Though projects in Five Points have been suspended, Schultz said one of its four staff members will continue to work on two ongoing projects in the Mission Hills area.

“Because we have a three-month contract with the city [we’re] trying to focus on those areas where we think we can have the best response and the most impact,” Schultz said.

An Uptown Partnership staff member will be working to get curbs built in front of driveways that are no longer being used in the business area near Washington and Goldfinch streets in Mission Hills, and to establish locations for new multi-space parking meter kiosks there, she said.

“It’s a fairly low-level effort,” Schultz said. “They’re relatively easy for us to achieve.”

Wilson and some Five Points business owners have criticized Uptown Partnership and its board for spending what they view as a disproportionate amount of time and money on projects in the Mission Hills area.

“That board of directors has a majority of people from Mission Hills; that’s the most affluent community in Uptown,” Wilson said. “The problem is Mission Hills only generates five percent of the parking meter revenue. This is sort of a reverse Robin Hood.”

Though there was some talk about the Hillcrest Business Improvement Association taking control of Uptown Partnership’s duties, Nicholls said he no longer views that as a viable option should the partnership be dissolved.

“The business association has voted and taken a position that we want to see a different management structure” for Uptown Partnership, Nicholls said. “We could certainly do it, but I don’t think it’s the best thing. The best thing would be a board of directors that represents the community that they claim to represent, and that proportionately represent their community … not handpicked people every time.”

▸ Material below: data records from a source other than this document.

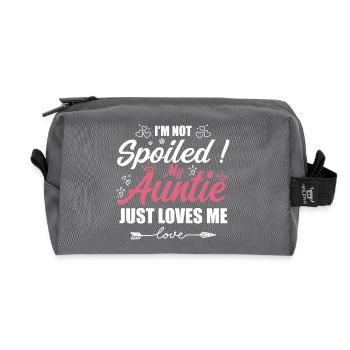 Im Not Spoiled My Auntie Just Loves Me a Team Kids - Trousse de toilette en tissu recyclé - anthracite - Devant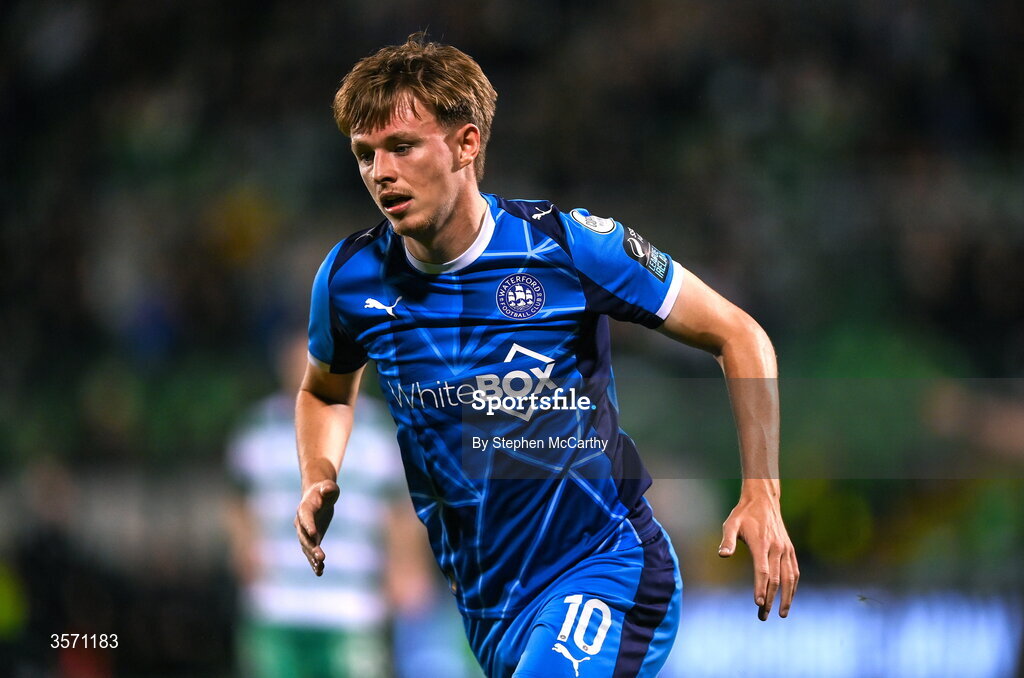 18 September 2026; Conan Noonan of Waterford during the SSE Airtricity Men’s Premier Division match between Shamrock Rovers and Waterford at Tallaght Stadium in Dublin. Photo by Stephen McCarthy/Sportsfile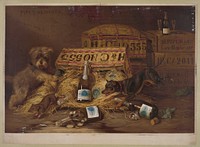 Two dogs chasing mouse through open case of champagne (1878). Original from the Library of Congress.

Gloria said he believes that there is an overall need for Uptown Partnership to continue, whether it is run by paid staff or volunteers.

“I believe there is a great deal of value in what Uptown Partnership does,” Gloria said. “I don’t believe it’s in the community’s interest to eliminate Uptown Partnership or to break it into smaller piece such that it’s not capable financially of doing anything.”

Hillcrest gets close to 200 new parking spaces
While Uptown Partnership works to restructure itself in the hope of securing additional funding, 187 new parking spaces have been freed up for use on nights and weekends in the Department of Motor Vehicles parking lot on Normal Street.

A $1-per-hour fee will be collected and used for ongoing maintenance to the site.

Use of the space was secured by Councilmember Gloria and state Sen. Christine Kehoe. Gloria recently helped secure 32 new parking spaces in the lot adjacent to the long-shuttered Pernicano’s restaurant on Sixth Avenue.

“As it became clear that a parking structure is not financially viable for Hillcrest, my approach to this has been looking at our existing inventory,” Gloria said. “We have a series of parking lots that are not utilized or underutilized. The DMV, Pernicano’s, the AT&T parking lot, the post office and the future library site all have surface parking lots with a number of spaces that, in each of those cases, were not available to the general public. In each of those cases we’ve systematically gone though working with individual property owners to open them up to the community.”

Gloria said the DMV still intends to redevelop the property in the future, which could mean an eventual reduction or elimination of those spaces.

“All the more reason to take advantage of this [parking] now,” he said.

Wilson said he feels Councilmember Gloria has been doing the job which Uptown Partnership was tasked with.

“Todd Gloria, in less than a year, negotiated a deal with the DMV, with Pernicano’s … because he focused on it—and they didn’t have to give him $10 million,” he said.